Le plan CleanBC, lancé initialement en 2018, a instauré une série de mesures visant à réduire les émissions, à mettre en place une économie plus propre et à se préparer aux répercussions des changements climatiques. En 2021, la C.‑B. a publié le document intitulé CleanBC Roadmap to 2030, lequel s’appuie sur le plan CleanBC et comporte des mesures plus strictes pour atteindre l’objectif de 2030 de la province pour la réduction des gaz à effet de serre, soit de réduire les émissions de 40 % par rapport aux niveaux de 2007. Ce plan prévoit également une augmentation de la production de l’énergie propre ou renouvelable à 100 % et comprend d’importants investissements dans l’électrification de la production pétrolière et gazière en amont et l’accès des industries à l’électricité. Ces mesures devraient mener à une hausse marquée de la demande d’électricité auprès de BC Hydro.

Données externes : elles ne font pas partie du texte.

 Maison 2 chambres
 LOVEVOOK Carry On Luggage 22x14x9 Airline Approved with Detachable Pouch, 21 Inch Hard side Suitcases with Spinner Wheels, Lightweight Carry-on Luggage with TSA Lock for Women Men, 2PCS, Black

BC Hydro achève la réalisation du projet Site C Clean Energy (« projet Site C »), troisième barrage et centrale hydroélectrique sur la rivière de la Paix dans le nord-est de la Colombie-Britannique. Le projet Site C ajoutera 5 100 gigawattheures d’électricité chaque année et fournira 1 100 MW de capacité sûre au réseau. La première date de mise en service du projet Site C est actuellement prévue en 2025. Malgré la mise en service du projet Site C, la C.‑B. nécessitera de nouvelles sources de production d’électricité renouvelable pour atteindre les objectifs prévus au CleanBC Roadmap to 2030.
L’une des principales initiatives visant à soutenir les objectifs de la C.‑B. en matière d’énergie repose sur l’appel d’offres d’électricité de BC Hydro. En avril 2024, BC Hydro a lancé son premier appel d’offres concurrentiel depuis plus de 15 ans en vue d’acquérir de nouvelles sources d’électricité propre et renouvelable. Avant de lancer cet appel d’offres, BC Hydro a mené à bien un processus de consultation auprès des Premières Nations, des producteurs d’électricité indépendants et d’autres parties prenantes concernant l’approche adoptée par BC Hydro pour acquérir environ 3 000 gigawattheures (GWh) par an. Cet appel d’offres a pour objectif d’acquérir de l’énergie provenant : (i) de ressources propres ou renouvelables qui sont financièrement avantageuses pour les clients de BC Hydro, (ii) de projets pouvant être mis en service dès l’automne 2028, et (iii) de projets dont une composante significative sera réalisée en partenariat avec les Premières Nations. La demande de propositions est attendue en septembre 2024. Dans le cadre de l’appel d’offres d'électricité, la province a alloué une somme de 140 M$ à la B.C Indigenous Clean Energy Initiative destinée à soutenir les projets énergétiques menés par des groupes autochtones.